## PROBLEM DESCRIPTION
Before printing, remove every picture; then print the lines below exactly, from the first line through the line containing "Boston Solid Wood".

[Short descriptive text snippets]
------------------------------------------------

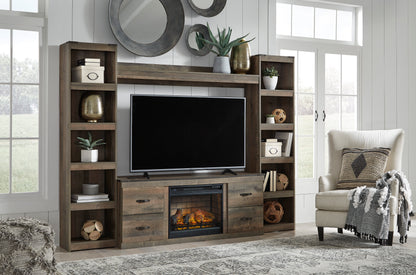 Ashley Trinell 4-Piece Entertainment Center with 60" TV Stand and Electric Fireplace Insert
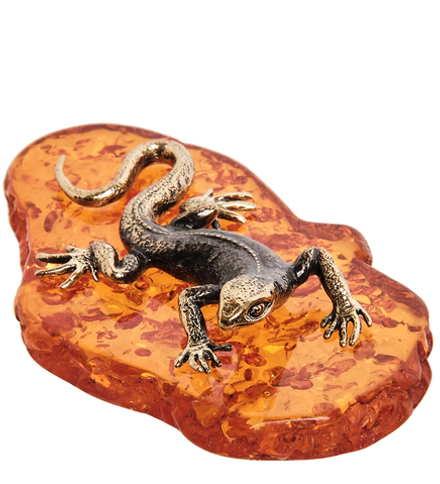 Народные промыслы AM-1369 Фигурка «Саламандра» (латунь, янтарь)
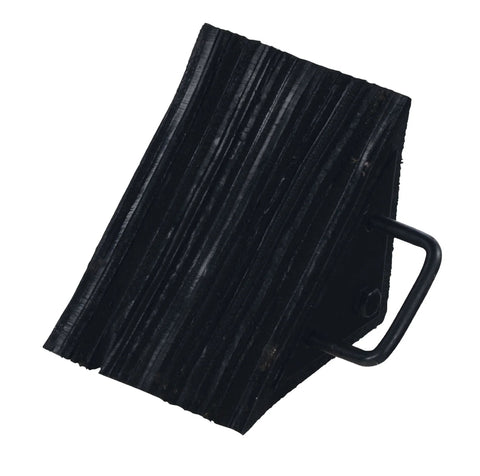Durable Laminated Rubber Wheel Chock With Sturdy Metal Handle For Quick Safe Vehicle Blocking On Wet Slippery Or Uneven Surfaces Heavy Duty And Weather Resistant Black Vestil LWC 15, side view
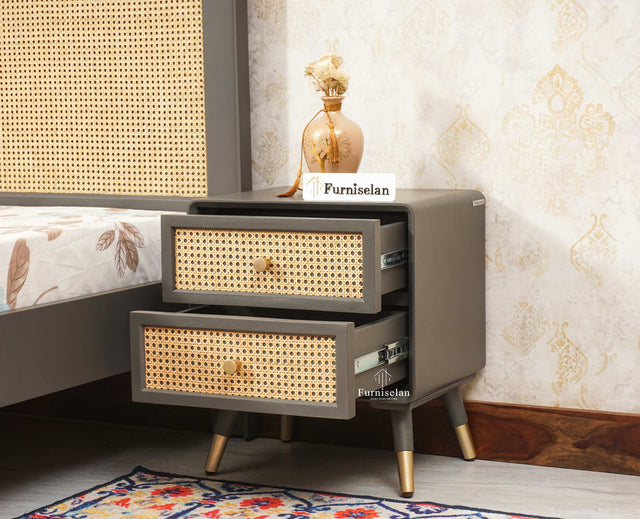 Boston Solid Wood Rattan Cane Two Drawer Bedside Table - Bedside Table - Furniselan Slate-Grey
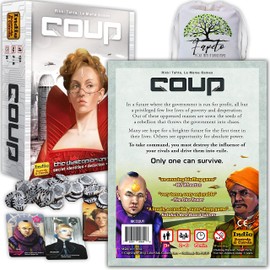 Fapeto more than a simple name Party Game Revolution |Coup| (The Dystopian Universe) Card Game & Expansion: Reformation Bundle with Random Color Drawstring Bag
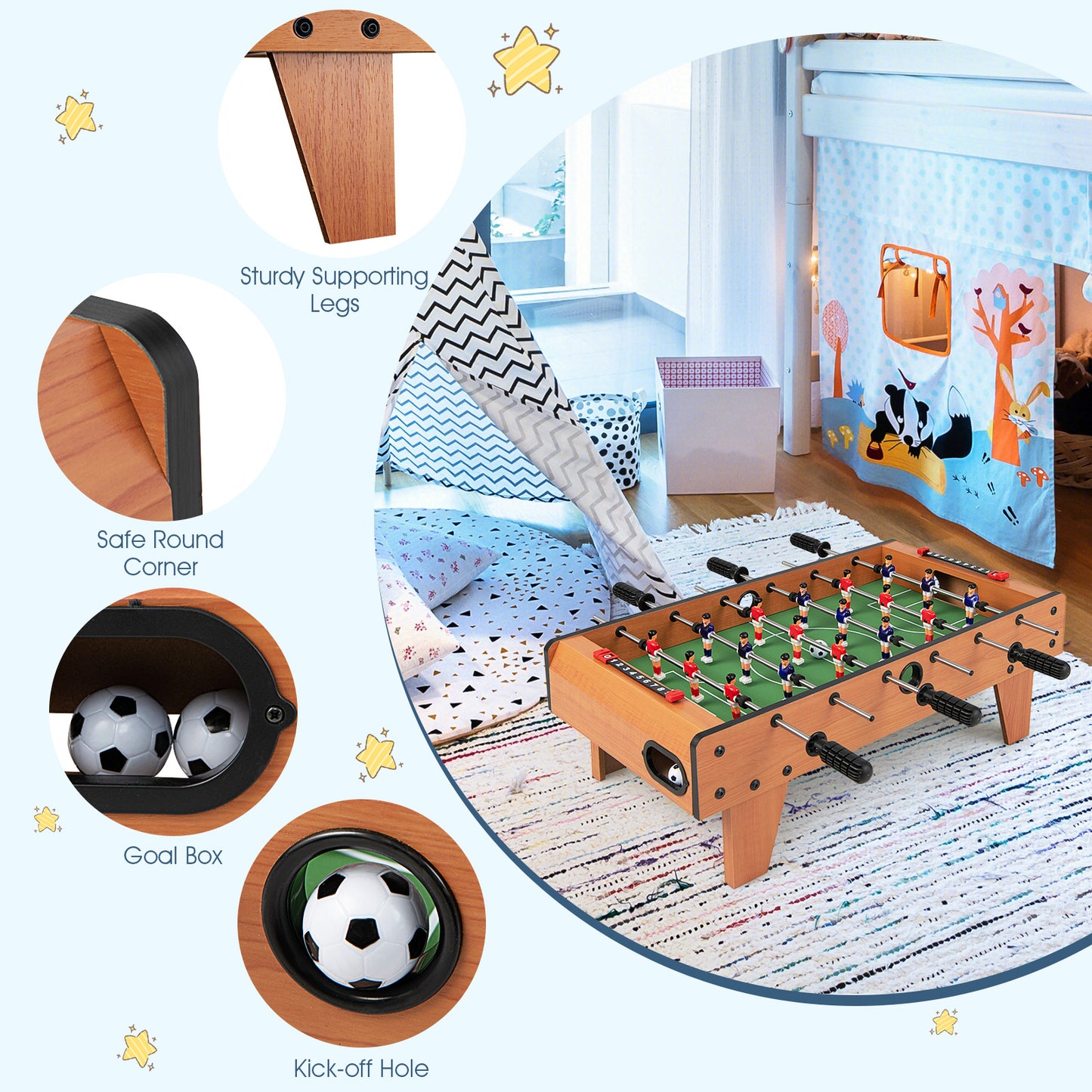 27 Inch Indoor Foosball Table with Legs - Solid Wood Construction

------------------------------------------------

## TASK OUTPUT
 Ashley Trinell 4-Piece Entertainment Center with 60" TV Stand and Electric Fireplace Insert
 Народные промыслы AM-1369 Фигурка «Саламандра» (латунь, янтарь)
Durable Laminated Rubber Wheel Chock With Sturdy Metal Handle For Quick Safe Vehicle Blocking On Wet Slippery Or Uneven Surfaces Heavy Duty And Weather Resistant Black Vestil LWC 15, side view
 Boston Solid Wood Rattan Cane Two Drawer Bedside Table - Bedside Table - Furniselan Slate-Grey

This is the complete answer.